Having spent the run up to “Garden Of Delete” regaling us with an array of clues as to the album’s content from various points online that ranged from a PDF letter of cryptic quality addressed to his fans and an interview with an unidentified “alien collaborator named Ezra” and a website we now know as ( ;- ) for fictional 90’s “hypergrunge” band Kaoss Edge, the lead up to “Garden Of Delete” was, in many ways, a PR campaign that matches the music found within the LP, complex, mischievous and cutting edge in all the right places. Wearing the album’s influences of cybermetal and rock music on his sleeve, it’s on “Garden Of Delete” that Oneohtrix Point Never has crafted out what is no doubt a sure stand out and possibly the most certified vision of his music to date.
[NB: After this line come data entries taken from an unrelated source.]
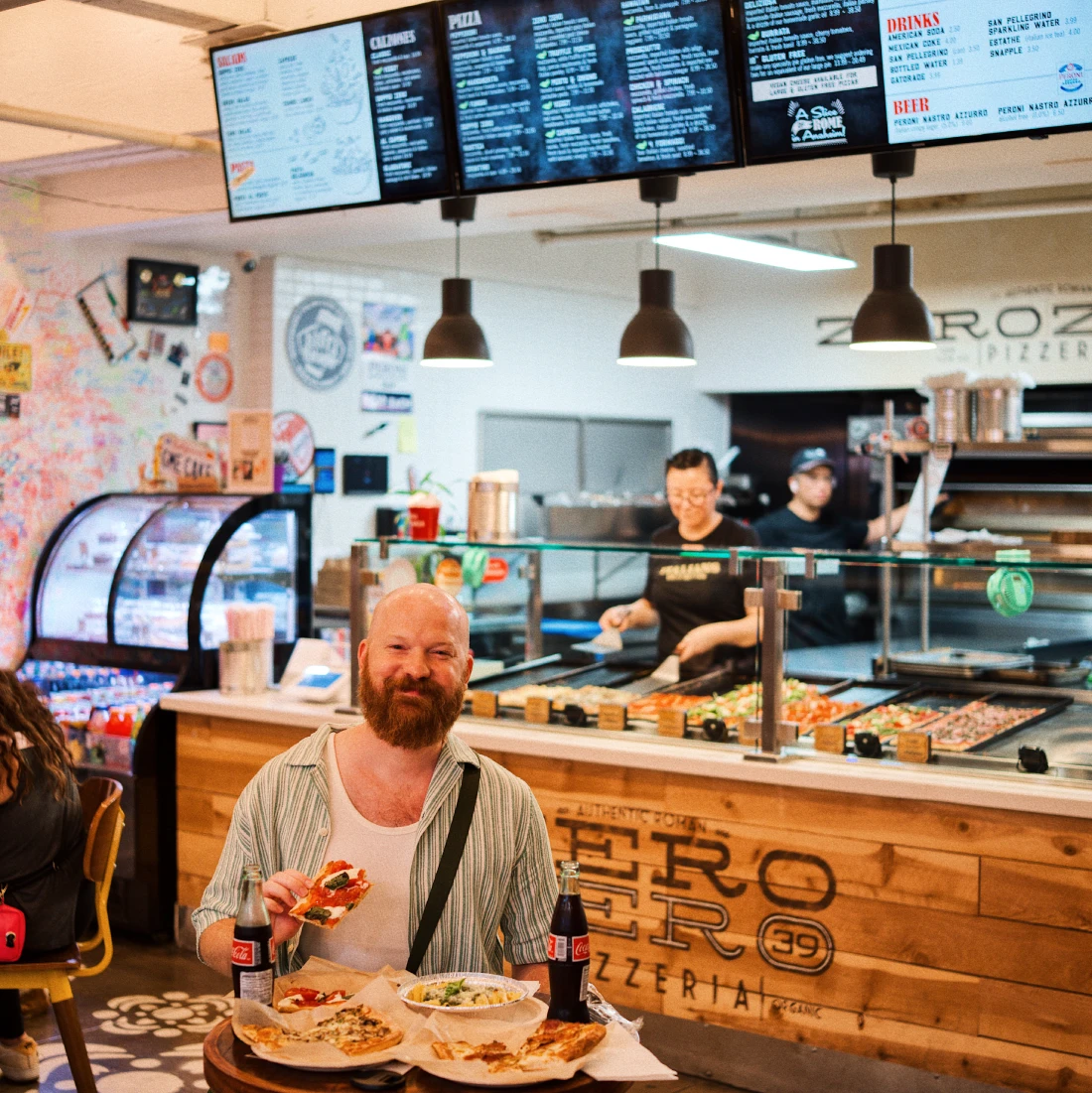 Daan genießt seine Pizza und Pasta von ZeroZero39 im Anaheim Packing House © Coupleofmen.com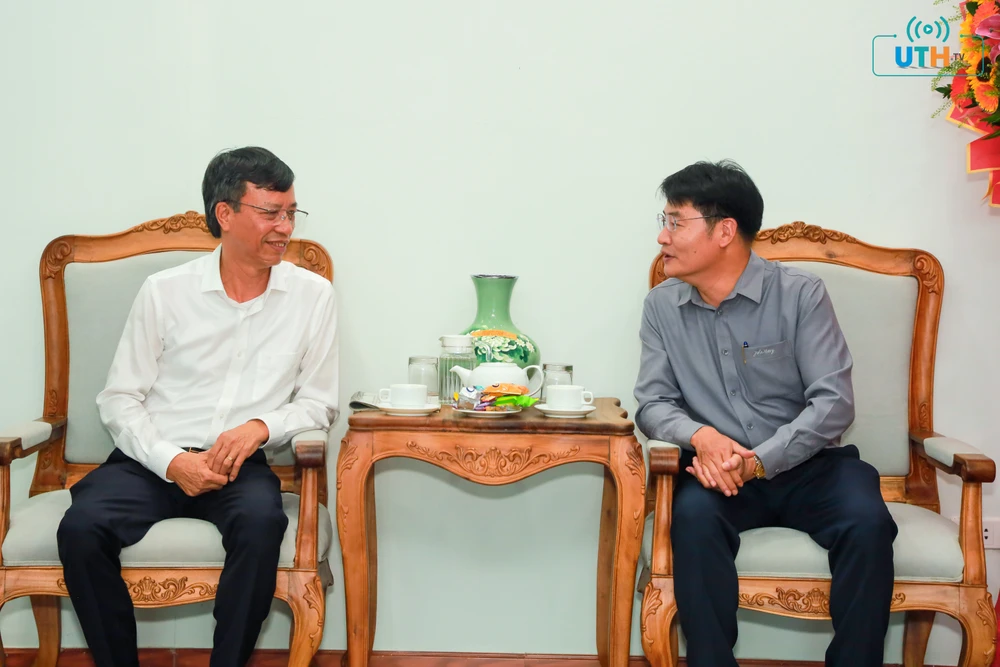 bao-phap-luat-tp-hcm-tham (7).jpg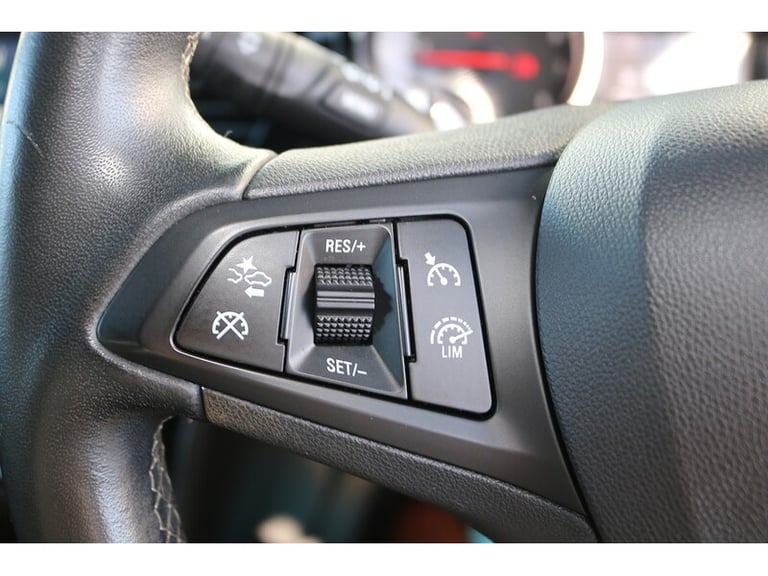 2017 Vauxhall Astra i Turbo SRi Estate Petrol Manual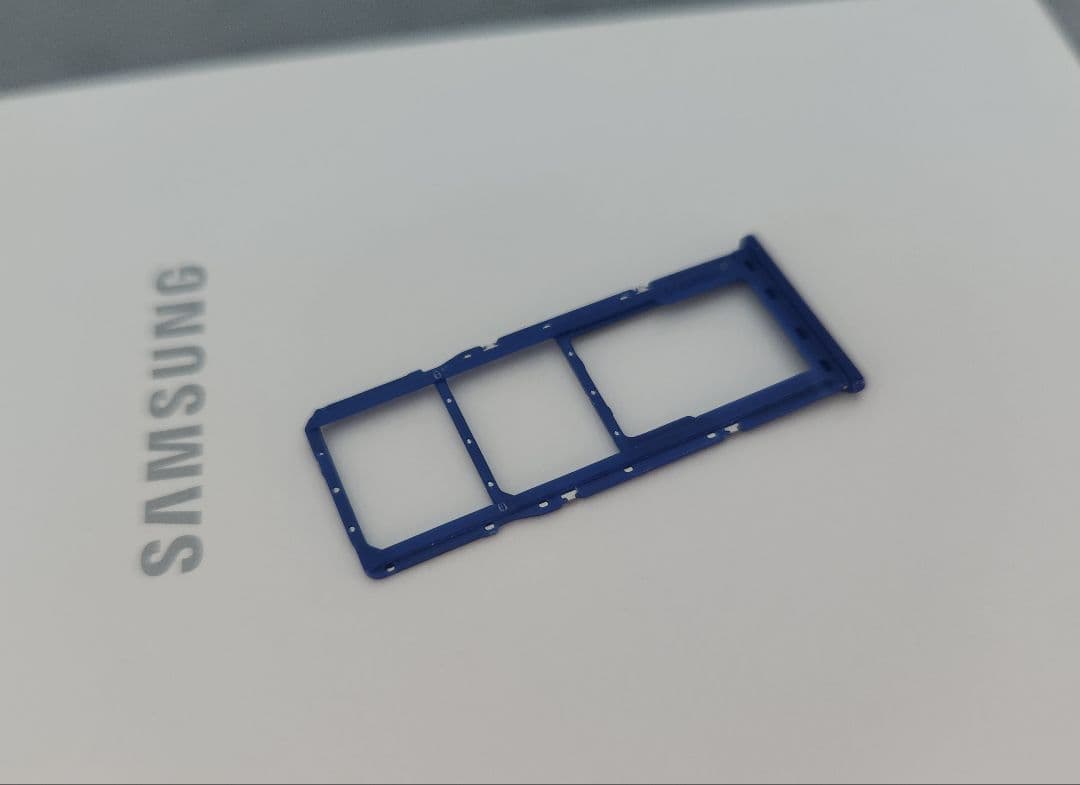 Galaxy A70 SIM フリーTriple スロット128GB/6GB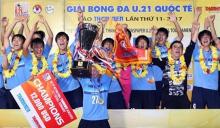 Yokohama players celebrate their International U21 Football Tournament victory on December 22, 2017, in Can Tho (Photo: thethao.sggp.org.vn)
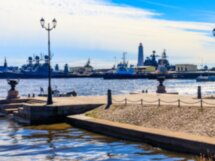 Морской Кронштадт: большая прогулка на катере с высадкой на форт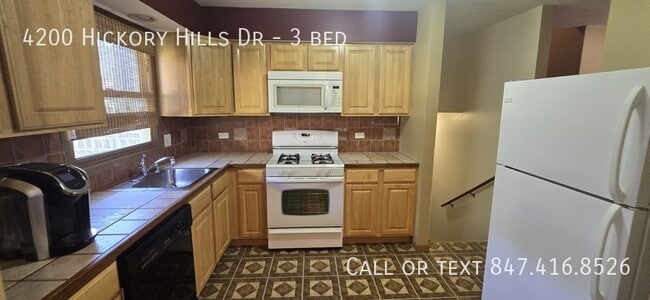 Building Photo - 4200 Hickory Hills Dr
Blending the everyday inner-city amazement of James Ferraro and drawing lines between contemporary underground experimental producers reaching for bigger things such as the PC Music collective to the underground throw in all your influences instrumental grime scene. Fellow internet futurist William Gibson said the future is already here it’s just not evenly distributed but hearing “Garden Of Delete” with its almost EDM approach to more traditional dancefloor and mainstream pop sounds it digests so many different styles and returns them in a complex but highly rewarding body of work sculpted to include sounds distributed from a vast array of worlds.
Sure to stand the test of time as one of the absolute highlights of Warp‘s catalogue of records such as “Windowlicker”, “Garden Of Delete” is a textbook example of a true pioneer of a hypnotic groove flirting with troubled pop structures and giving results so far ahead of everything else in the game it will stay fresh for years to come while the rest of the world catches up.